Sebenarnya, ini bukan pertama kali H pergi meninggalkan rumah. Pernah, pada November 2022 ia dikabarkan tidak pulang ke rumah setelah pulang sekolah, sekitar pukul 14.00 WIB. Ia pergi saat orang tuanya tidak ada rumah. Kepergiannya sempat terekam CCTV kompleks.
Yang menjadi pertanyaan kemudian, mengapa H mengulang perbuatannya? Apa yang salah?
Setiap orang tua pasti tidak pernah menyangka akan mengalami hal demikian, ditinggalkan anak, pergi dari rumah tanpa izin, karena alasan kurang kasih sayang, selalu dimarahi, atau tidak pernah diperhatikan.
Tapi kenyataan, hampir semua remaja pernah berpikir untuk melarikan diri, setidaknya sekali hanya saja.
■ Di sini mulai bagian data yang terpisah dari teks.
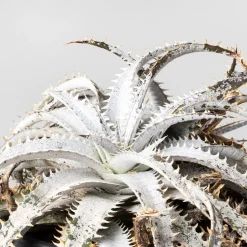 Dyckia marnier-lapostollei 'Grand Marnier'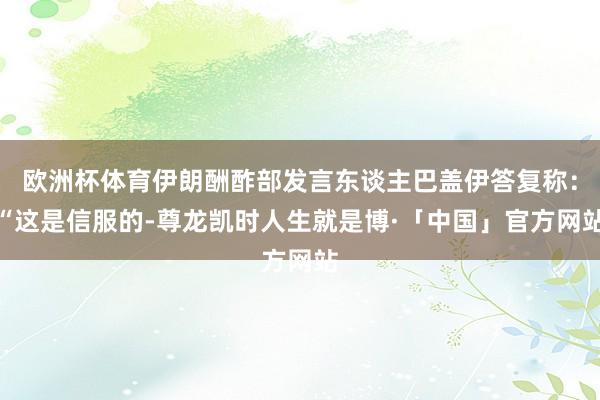 欧洲杯体育伊朗酬酢部发言东谈主巴盖伊答复称：“这是信服的-尊龙凯时人生就是博·「中国」官方网站
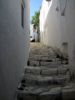 aperanthos-rue.jpg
Di sinilah pentingnya pengetahuan orang tua ketika anak kabur dari rumah.
Alasannya beragam, bisa saja anak sedang terjebak dalam situasi yang penuh tekanan sehingga memutuskan untuk meninggalkan rumah. Alih-alih menghadapi masalah, anak justru memilih lari.
Untuk mencegah hal demikian, penting bagi orang tua melakukan ini:
- Bantu anak untuk menemukan solusi atas permasalahannya. Pastikan mereka memiliki cara yang tepat untuk memperbaiki beberapa hal yang mungkin terjadi dalam hidupnya.
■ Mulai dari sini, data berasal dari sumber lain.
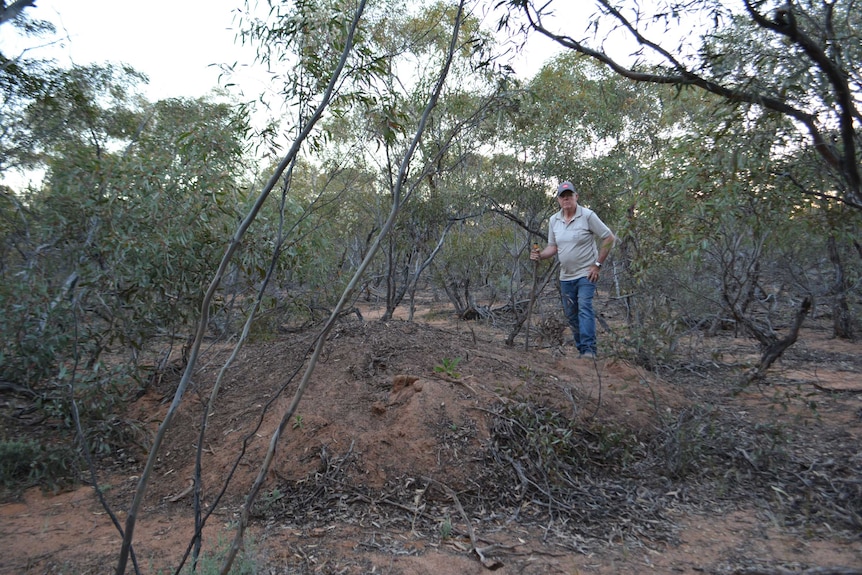 Kevin Oakley Mallee fowl mound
- Ajari anak keterampilan memecahkan masalah (problem solving), berempati dengan anak, serta memberikan pengarahan yang masuk akal.
- Biasakan untuk duduk bersama anak dan mendengarkan pendapat dan masalahnya, serta mengajak anak untuk menyelesaikan problem tersebut bersama-sama.
Psikolog Yayasan Shabatku Hayati Rahmah menjelaskan, anak kabur adalah tanda bahwa dia tidak merasa nyaman di rumah.
“Anak yang kabur itu memilih flight dengan kondisi yang ada, kabur dari situasi. Mungkin ia merasa stuck dengan kondisi yang ada. Di sini perlu evaluasi bagaimana kualitas hubungan dan komunikasi anak dan ortu selama ini,” kata Hayati.
Agar anak tidak kabur, jadikan rumah sebagai lingkungan yang nyaman dengan memerhatikan bagaimana anak diterima, baik dengan hal-hal yang sepaham maupun yang tidak sepaham dengan orang tua, dan adakan ruang untuk berdiskusi.
“Memahami anak zaman sekarang memang suatu tantangan, karena beda banget kondisinya dengan masa orang tua kecil dulu. Jadi, teruslah belajar menjadi orang tua,” demikian Hayati.